Unfortunately pretty inexperienced, relative to the community.
Scribble on the chair box is due to the fact it was a room with a lonely chair, but close enough...?
Arrow is from the time I managed to talk my way into doing photos for the demolition of a bunch of old buildings in my hometown. Pretty cool experience, tbh.
The street art square is related to how the graffiti world overlaps with the exploring world and how one can inspire the other.
It doesn't work this way over here. My first five years urban exploring, the only street art I saw was death threats by goons hired by construction companies. After that, it was all just hipster foreigners signing their tags on people's abandoned homes. And for the last six or so years it's been foreigners coming here to tag trains, that then get washed before they go into service. It didn't exist before and I don't see any good in its introduction.
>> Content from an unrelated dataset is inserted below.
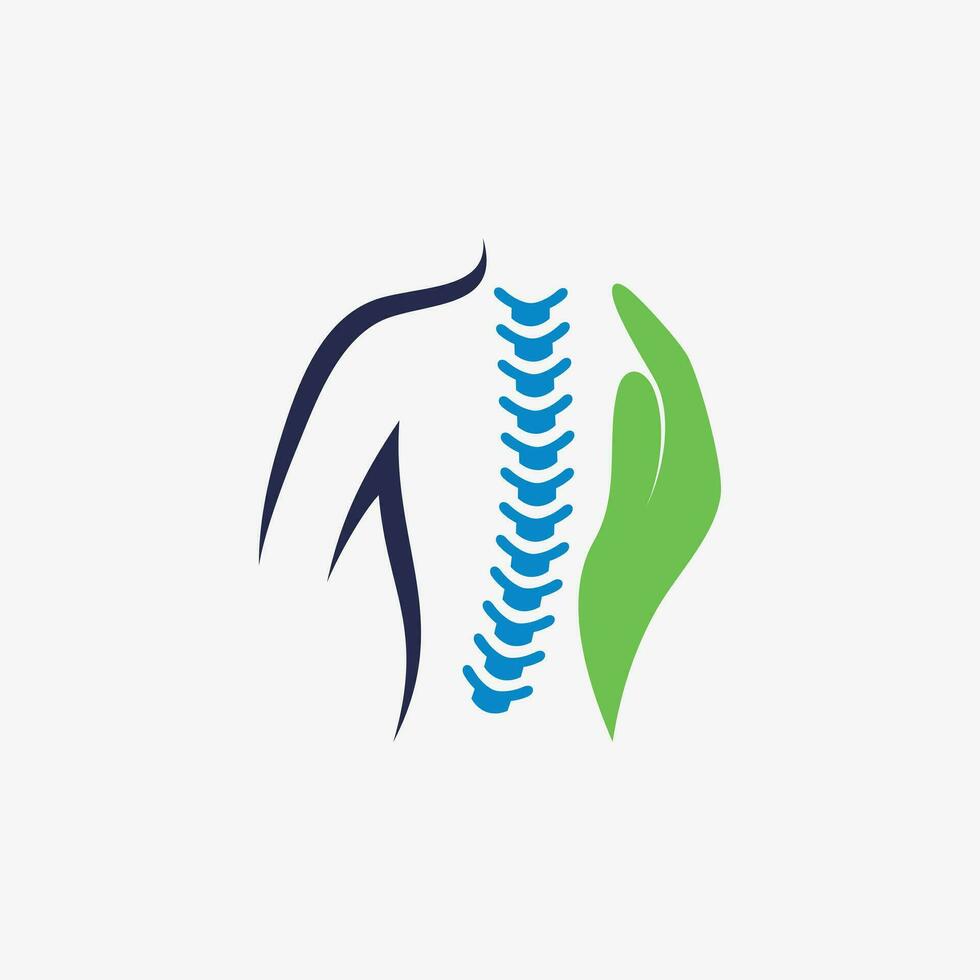 Chiropractic logo design vector spinal backbone icon logo with creative element concept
It doesn't work this way over here. My first five years urban exploring, the only street art I saw was death threats by goons hired by construction companies. After that, it was all just hipster foreigners signing their tags on people's abandoned homes. And for the last six or so years it's been foreigners coming here to tag trains, that then get washed before they go into service. It didn't exist before and I don't see any good in its introduction.
In NYC, graffiti and street art (there is a difference) have been part of the landscape for over 50 years.
In the course of writers trying to find new places to get up and explorers looking for new places to explore, the two worlds crossover.
In that epoch, I was more of a BBoy than a writer.